Del resto la nuova formulazione dell'art. 175 comma 2 cpp va letta congiuntamente alla nuova norma di cui all'art. 157 comma 8bis cpp.
Quest'ultima norma, come si è visto, comporta che la notificazione presso il difensore di fiducia sia del tutto equiparabile, ai fini della conoscenza effettiva dell'atto, alla notifica all'imputato personalmente.
Ebbene, questa equiparazione, lungi dal ridursi a una mera fictio iuris, è ampiamente giustificata dalla natura e dalla sostanza del rapporto professionale che intercorre tra l'avvocato difensore nominato di fiducia dall'imputato e l'imputato stesso, il quale, proprio nel momento in cui dà il mandato al professionista nel quadro di uno specifico procedimento penale, dimostra (o conferma) di essere effettivamente a conoscenza di tale procedimento (e ciò anche nel caso in cui egli risulti formalmente irreperibile all'autorità giudiziaria o, addirittura, sia dichiarato latitante dalla medesima).
E' pertanto del tutto ragionevole ritenere che, anche successivamente alla nomina, il perdurante rapporto professionale intercorrente tra l'imputato e il suo difensore di fiducia continuerà a consentire al primo di mantenersi informato sugli sviluppi del procedimento e di concordare con il difensore le scelte difensive ritenute più idonee.
Con la conseguenza che potrà ritenersi dimostrata la conoscenza effettiva, da parte dell'imputato, degli atti notificati a mani del difensore di fiducia a norma della'rt. 161 comma 4 cpp ovvero - in caso di latitanza - a norma dell'art. 165 cpp.
E con la conseguenza ulteriore che la richiesta di restituzione nel termine avanzata ex art. 175 comma 2 cpp dovrà essere, in quel caso, respinta (dovendosi altresì ritenere, relativamente all'imputato latitante, che la scelta della latitanza equivalga, in qual caso, a volontaria rinuncia a comparire).
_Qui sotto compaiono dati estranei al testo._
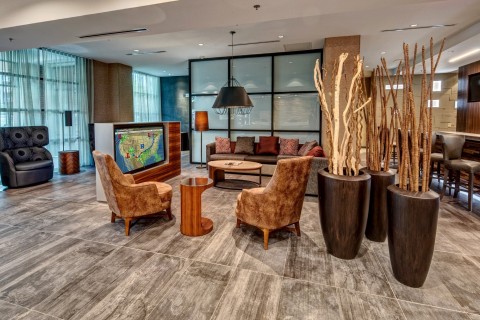 The warm, modern lobby is a natural place to watch the news. (Photo: Business Wire)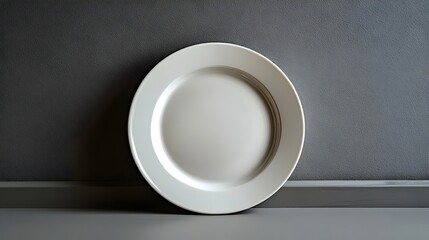 A white plate is sitting on a grey wall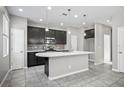 Spacious kitchen featuring a large island, dark cabinets, and modern stainless steel appliances at 3207 Stratton Cir, Kissimmee, FL 34744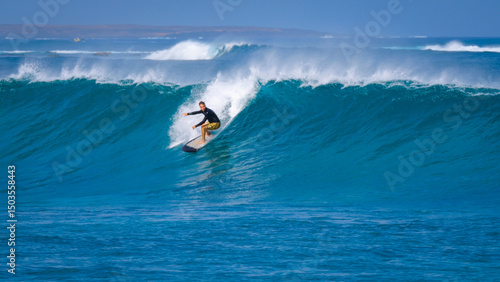 Male surfer in patterned yellow shorts is dropping into a large, clean wave under clear blue skies. Set wave is steep and hollow, rider is positioned low for control to make a proper bottom turn.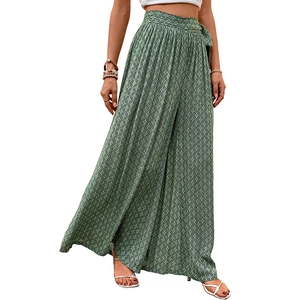 High-waisted wide leg trousers with green geometric print and waist tie-belt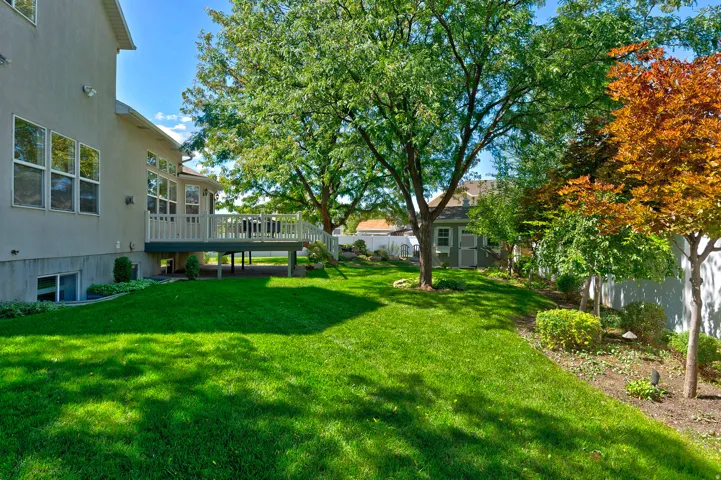 Expansive lawn area with mature trees, raised wood deck, stucco exterior, and a detached shed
In altri termini il legislatore, con la novella legislativa entrata in vigore il 24 aprile 2005, oltre a introdurre un'esigenza di "conoscenza effettiva" ai fini dell'art. 175 comma 2 cpp, ha scelto di privilegiare il ruolo del difensore di fiducia accentuandone ulteriormente la valenza (rispetto alla difesa d'ufficio) e riconoscendo al relativo rapporto professionale ("fiduciario" nel senso più rigoroso del termine) un inedito rilievo specifico e concreto sotto il profilo del soddisfacimento reale di tale esigenza di "conoscenza effettiva".
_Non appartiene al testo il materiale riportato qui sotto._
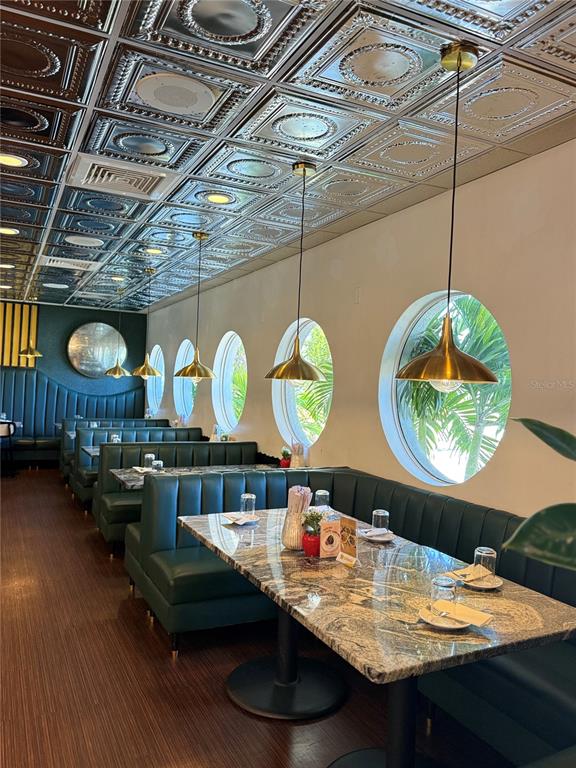 A restaurant dining area features green booths, marble tables, and a metallic patterned ceiling — 7900 4TH ST N STREET, ST PETERSBURG, FL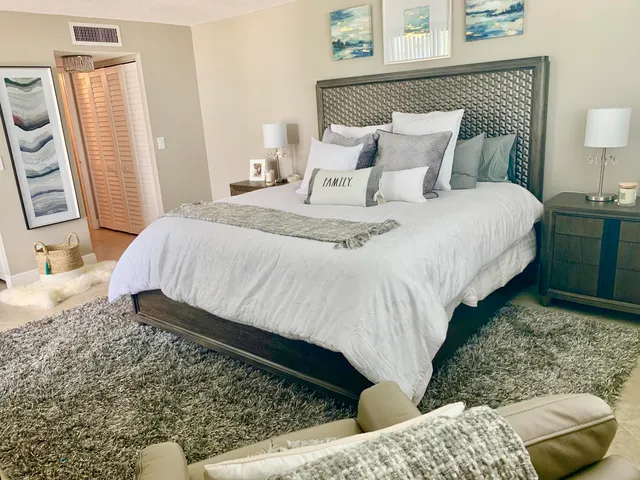 a living room filled with furniture and a floor to ceiling window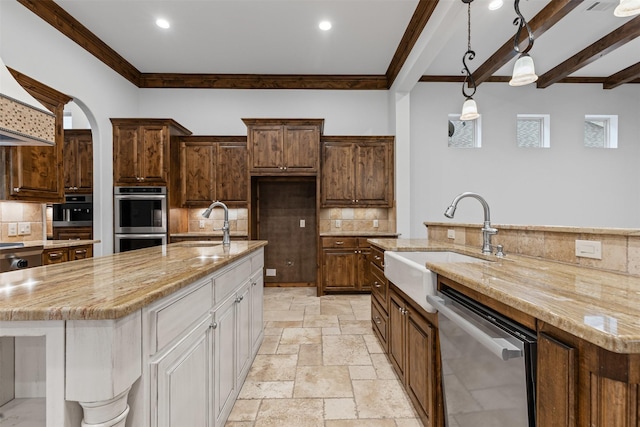 kitchen featuring appliances with stainless steel finishes, a spacious island, ornamental molding, a sink, and stone tile flooring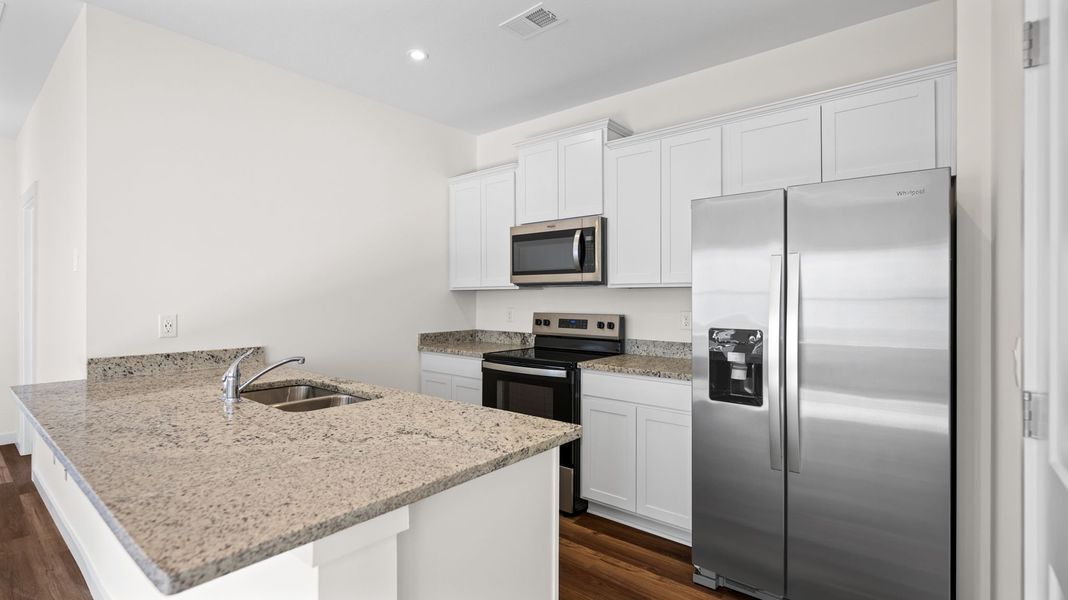 Furnished interior view inside a new home in Cambridge Cove, Chickamauga (Image 3).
Tuttavia, operando tale scelta, il legislatore ha finito con il riconoscere implicitamente l'intrinseca debolezza delle cosidette "presunzioni di conoscenza" legate alle notificazioni effettuate a norma degli artt. 161 comma 4 e 165 cpp a mani di un difensore nominato di ufficio all'imputato processato in contumacia in quanto irreperibile o latitante.
Si deve pertanto concludere che tali notificazioni al difensore d'uffico siano, di per sè, inidonee a dimostrare la "effetiva conoscenza del procedimento o del provvedimento" in capo all'imputato (a meno che, nel caso specifico, la conoscenza non emerga aliunde, ovvero non si dimostri che il difensore d'ufficio è riuscito a rintracciare il proprio assistito e a instaurare un effettivo rapporto professionale  con lui).
Nel caso di specie, per i motivi già precisati, la conoscenza del procedimento da parte del L.I., qualora non sia desumibile aliunde, non può farsi discendere dalla mera notifica dell'estratto contumaciale della sentenza avvenuta a mani del difensore d'ufficio.
L'ordinanza impugnata va pertanto annullata con rinvio per un nuovo esame della richiesta del L.I. che tenga conto dei principi di diritto come sopra formulati.
    P.Q.M.
Annulla l'ordinanza impugnata e rinvia per nuovo esame al Tribunale di Bologna.
Così deciso in Roma il 06 aprile 2006
Depositata in cancelleria il 10 maggio 2006.